生産ラインにはくまなく監視カメラが設置され、死角はいっさい存在しない。これは、毒入りギョーザ事件以降、地元の山東省政府が食品輸出工場に設置を義務づけたためで、監視はさらに強化された。
そんな“モデル工場”ともいうべき煙台北海食品の冷凍インゲンから、最大で基準値の約3万5000倍の農薬が検出されたのだから、冷凍食品生産の多くを中国に頼っている国内大手メーカーのショックは計り知れない。
ちなみに、煙台北海食品は冷凍食品最大手のニチレイが出資する、台湾系食品メーカー。中国内での自社直営農場による安全性をセールスポイントに、日本メーカーとの取引も多い。

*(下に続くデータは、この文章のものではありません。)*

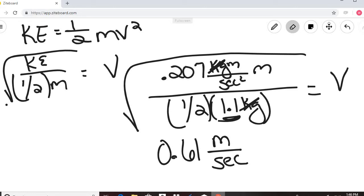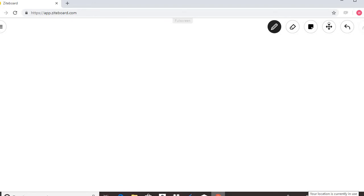In problem 8, the key insight is that the object is neither at equilibrium nor at amplitude, so you must calculate both kinetic energy and potential energy to find the speed.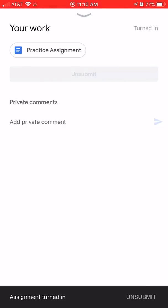And voila, there it is. You can even click on unsubmit down here if you need to redo it. But this is how you turn in an assignment to Google Classroom.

山東省にはニチレイ以外にも、マルハニチロホールディングスと日本水産が、隣接する江蘇省には味の素が自社冷凍食品工場を持っており、山東省周辺は国内大手4社の一大生産拠点だ。
むろん、現時点で今回の農薬混入が中国国内で行なわれたと断定されたわけではないが、ギョーザ事件同様に捜査は難航するだろう。
1月の毒入りギョーザ事件で大手各社は冷凍食品の売り上げが半減するなど、大打撃を受けた。夏以降、ようやく前年並みまでの回復の兆しが出ていたところへ、牛乳へのメラミン混入、毒インゲン事件と、再び中国産食品離れを引き起こす事件が相次いだ。
冷凍食品が最も売れる年末年始商戦で冷凍食品、とりわけ中国製商品が売り場から弾かれるのは確実で、大手各社の「年内にギョーザ事件前のレベルまでの市場回復」という希望は砕け散ってしまった。